[[ Materials provided, beginning ]]

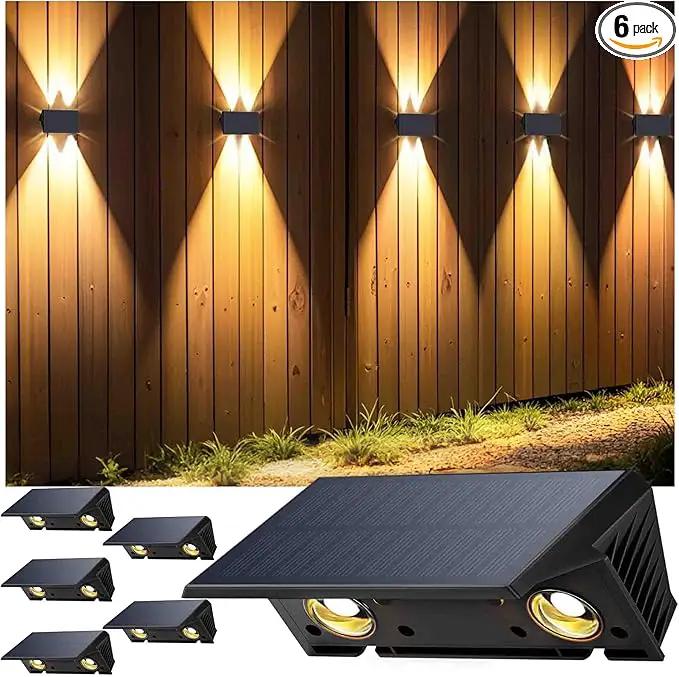 Fence Lights Solar Powered, 6-Pack Solar Fence Lights Up/Down Flexible Buttons, IP67 Waterproof for Outdoor, 120LM Bright, Auto Dusk to Dawn for Wall/Stairs/Yard/Railing/Deck/Pathway (Warm White) by GreenHaven Gardens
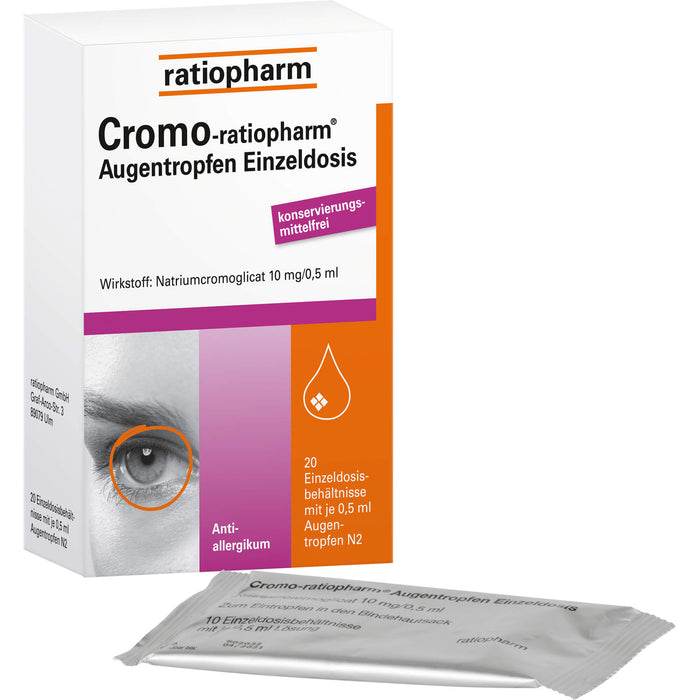 Cromo-ratiopharm  Augentropfen Einzeldosis, 20 pcs. Single dose containers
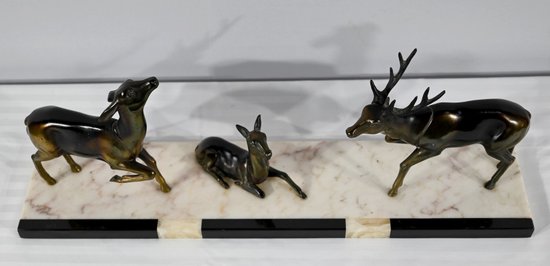 Groupe Cerf, Biche et Faon en Régule - Début XXe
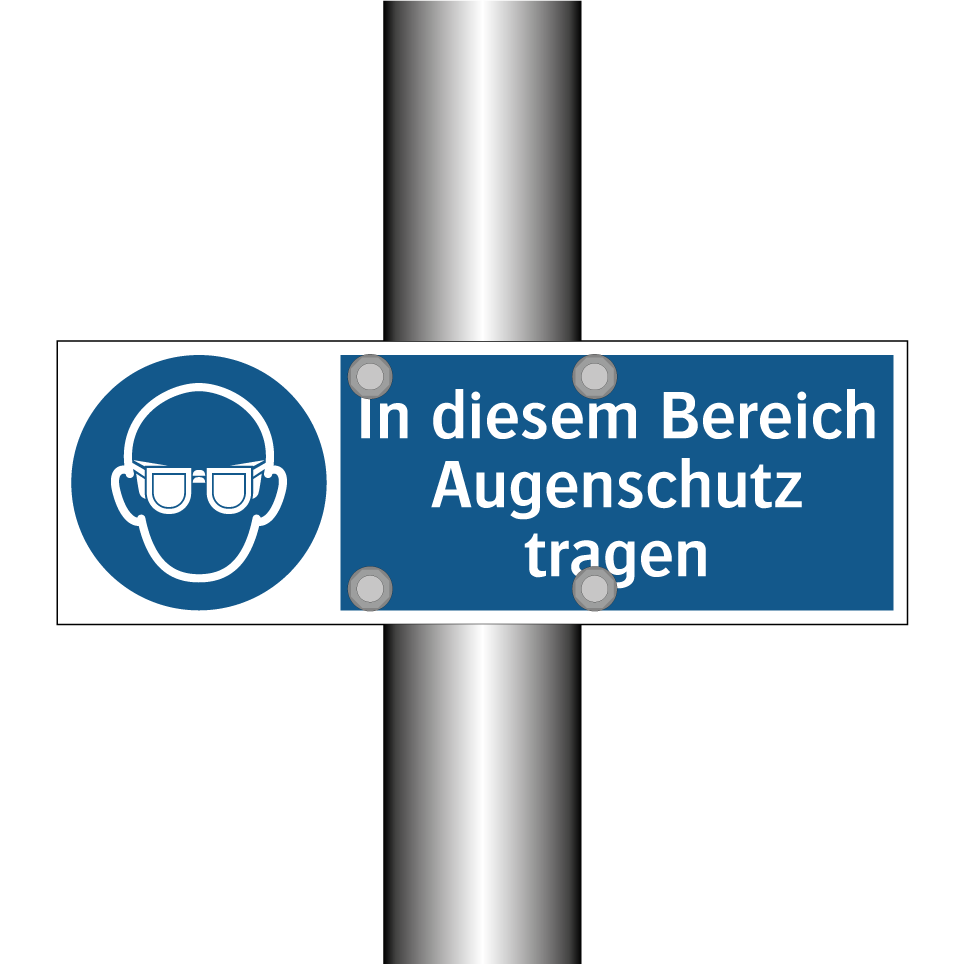 In diesem Bereich Augenschutz tragen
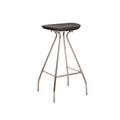 Tabouret de bar en cuir et croûte de cuir noir 50 cm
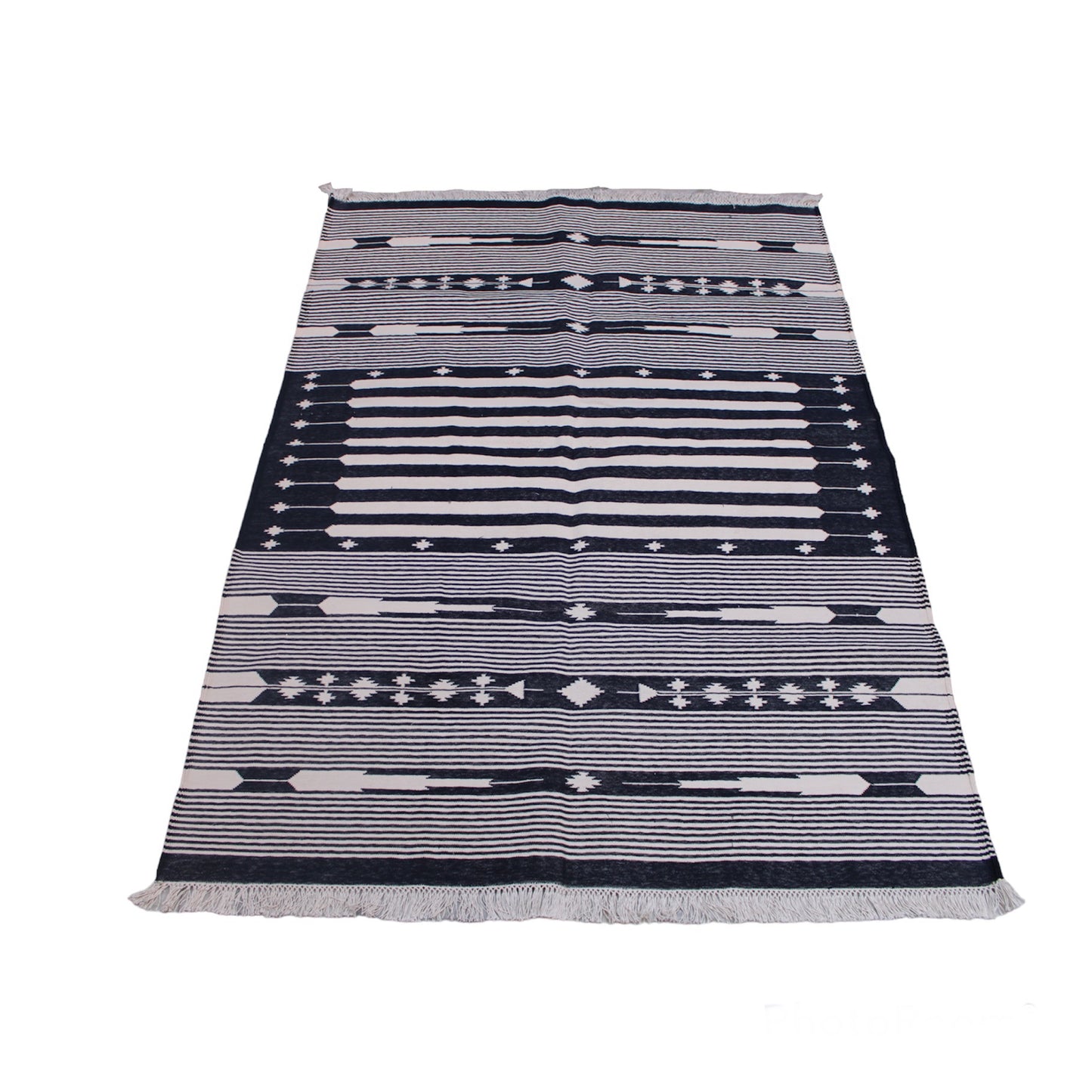 Navy Blue Flatweave Cotton Rug, Modern Flatweave Rug, Cotton Dhurrie Rug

[[ Materials provided, end ]]

### Your instructions
The required output is the lines from the one containing "Groupe Cerf, Biche" through the end of the data, printed exactly, with no pictures.

### Result of this task
 Groupe Cerf, Biche et Faon en Régule - Début XXe
 In diesem Bereich Augenschutz tragen
 Tabouret de bar en cuir et croûte de cuir noir 50 cm
 Navy Blue Flatweave Cotton Rug, Modern Flatweave Rug, Cotton Dhurrie Rug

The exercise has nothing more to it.